_AVAILABLE DATA_:
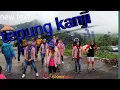 Download Lagu senam kreasi terbaru sobat bugar... tepung kanji..
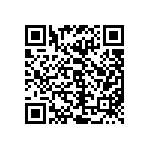 IHLP3232CZER220M11 QRCode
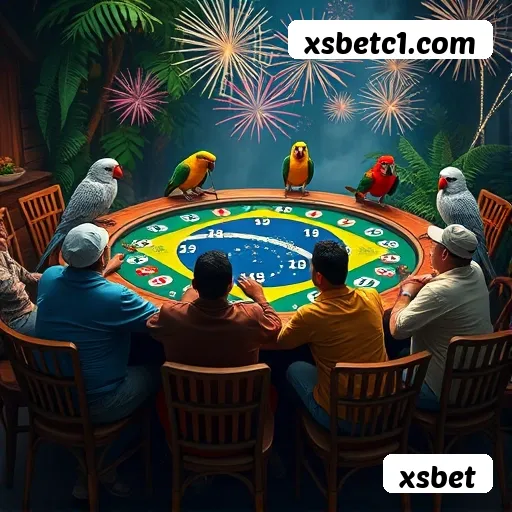 iPhone xsbet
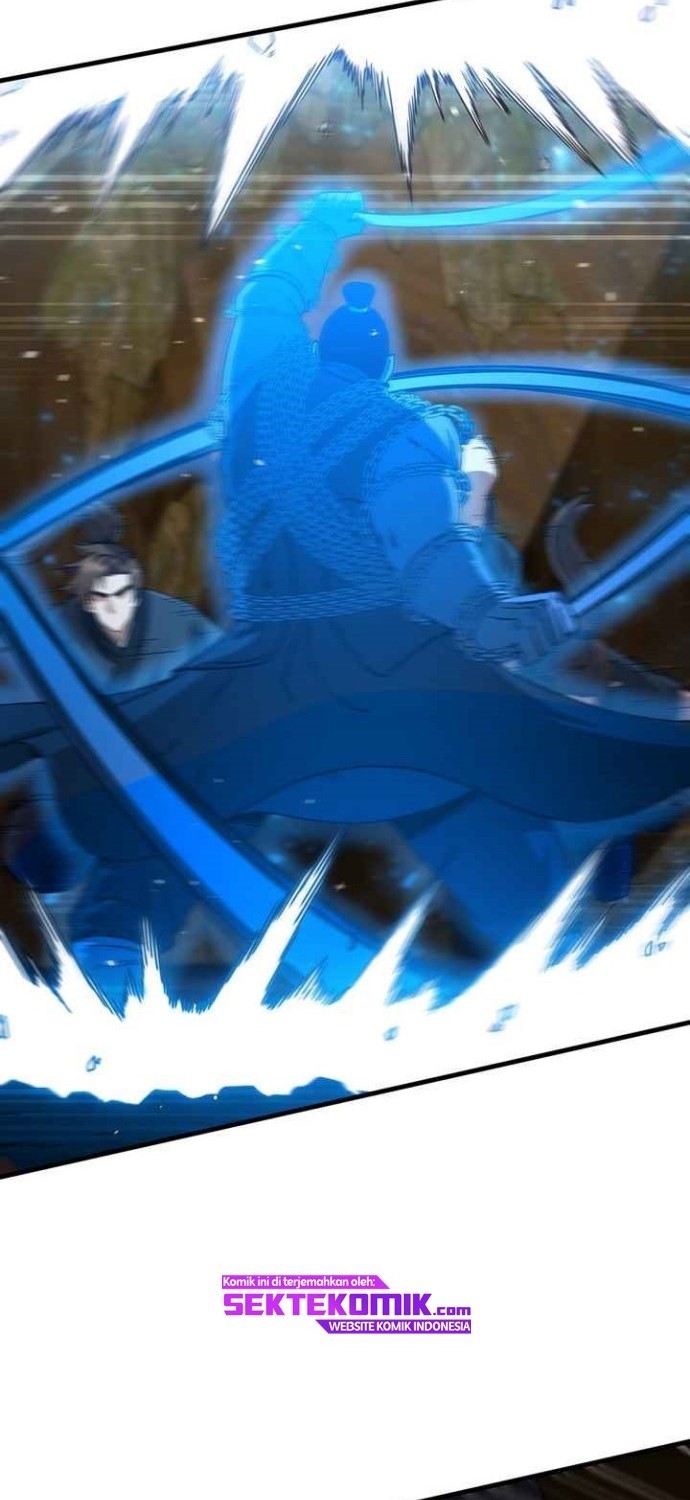 Sinsu Jeil Sword Chapter 61 - https://img.komiku.org/uploads2/2562919-48.jpg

_ABOUT THIS EXERCISE_:
Could you output the entire listing verbatim while omitting its pictures?

_WRITTEN RESPONSE_:
 Download Lagu senam kreasi terbaru sobat bugar... tepung kanji..
 IHLP3232CZER220M11 QRCode
 iPhone xsbet
 Sinsu Jeil Sword Chapter 61 - https://img.komiku.org/uploads2/2562919-48.jpg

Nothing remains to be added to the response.